Amid efforts to re-start the Covid-stalled economy, Bangladeshi Nobel laureate Muhammad Yunus on Friday called for some “outrageous decisions” to make a break from the past and focus on creating a separate rural centric economy to solve the problem of migrant labour.
“Today, infrastructure is not limited to urban areas. You have telecommunications, you have roads, you have transportation, communications. So everything is there. So what is it that you have to go to the city to,” Yunus told Rahul Gandhi in an interaction.
The Grameen Bank set up by Yunus was awarded the Nobel Peace Prize in 2006 for extending micro-credit to the poor to kindle their entrepreneurial spirit and pull them out of poverty.
"How did we do that in Grameen Bank? People were shocked. I said we believe in their capacity. They believe in us. There is no collateral. Grameen Bank is the only bank in the world which is lawyer free. A bank built on trust where millions of dollars are given and come back with interest," said Yunus, adding, that when micro credit was given to women they showed how much entrepreneurial capacity they had.
"Why can't we build an autonomous economy?" he asked citing how Grameen Bank, built on trust and no legalese, had shown that millions of dollars could be loaned to the poor just on trust and they would return the amount with interest.
Yunus told Rahul that the rural economy in current times has become an appendix to the urban economy or a labour supplying factory for the cities.
“Now, let us go a different way… this is a time to take bold decisions, outrageous decisions right now,” Yunus said.
"Covid has given us a chance to reflect on how big, bold decisions can be taken. It has given us a window of thinking and we have a choice, whether we go to that terrible world which is going to destroy itself anyway or we go someplace else and build a new world where there will be no global warming, no wealth concentration, no unemployment," the pioneer of micro credit financing said.
He pitched building an separate parallel economy for the rural area rather than have an appendix like that in the present times.
Yunus said the Covid-19 outbreak has presented an opportunity to make a fresh beginning instead of quickly going back to re-start the stalled economy.

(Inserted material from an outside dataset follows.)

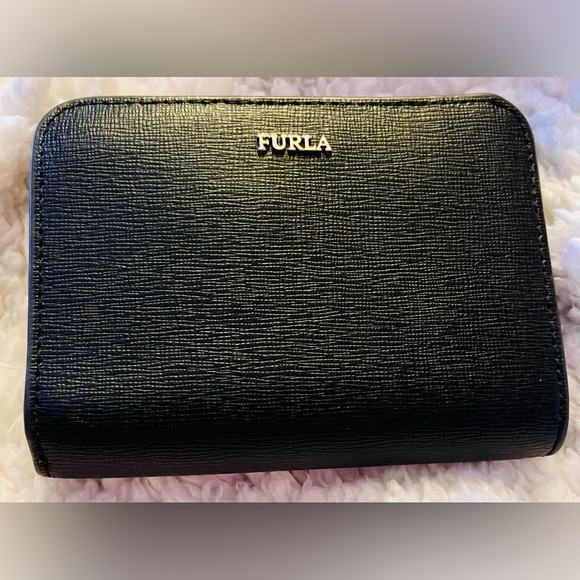 Furla Handbags - Black Saffiano leather Furla wallet with 8 card slots, in Excellent condition!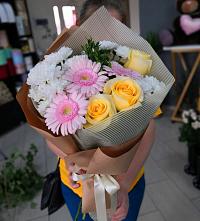 Букет цветов из:  Герберы, Розы и Хризантемы в Островцы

“What is the hurry to go back? Should we at all go back? Because that world was a very horrible world. It was creating a world with global warming and giving us a kind of countdown when the world will be finished in a few years,” the economist said.
Stressing the need to recognise the poor, the migrants, the women at the lowest strata of society, Yunus said, "Financial systems are designed in wrong ways. Covid has revealed the weaknesses now. Poor people are all over but the economy does not recognize them. If we can finance them they will move up the ladder. We are engaged with the formal sector."
He also criticised the western economic model, saying it was based on treating the urban economy as the hub and the rural economy as the supplier of labour.
The whole world has now accepted micro credit, said the Bangladeshi credited with revolutionising micro credit.
Emphasising the need to value human culture, Yunus said everything the world has done is to fuel greed which has destroyed everything.
"This is the chance I said, Corona has given us a chance to reflect...In normal situations you will not pay attention to all these things. We are so busy making money," noted the economist.
In the last four months, the Congress leader has interacted with Nobel laureate Abhijit Banerjee, epidemiologists Johan Giesecke and Ashish Jha, Professor Nicholas Burns at Harvard's Kennedy School, former RBI Governor Raghuram Rajan, and Indian industrialist Rajiv Bajaj.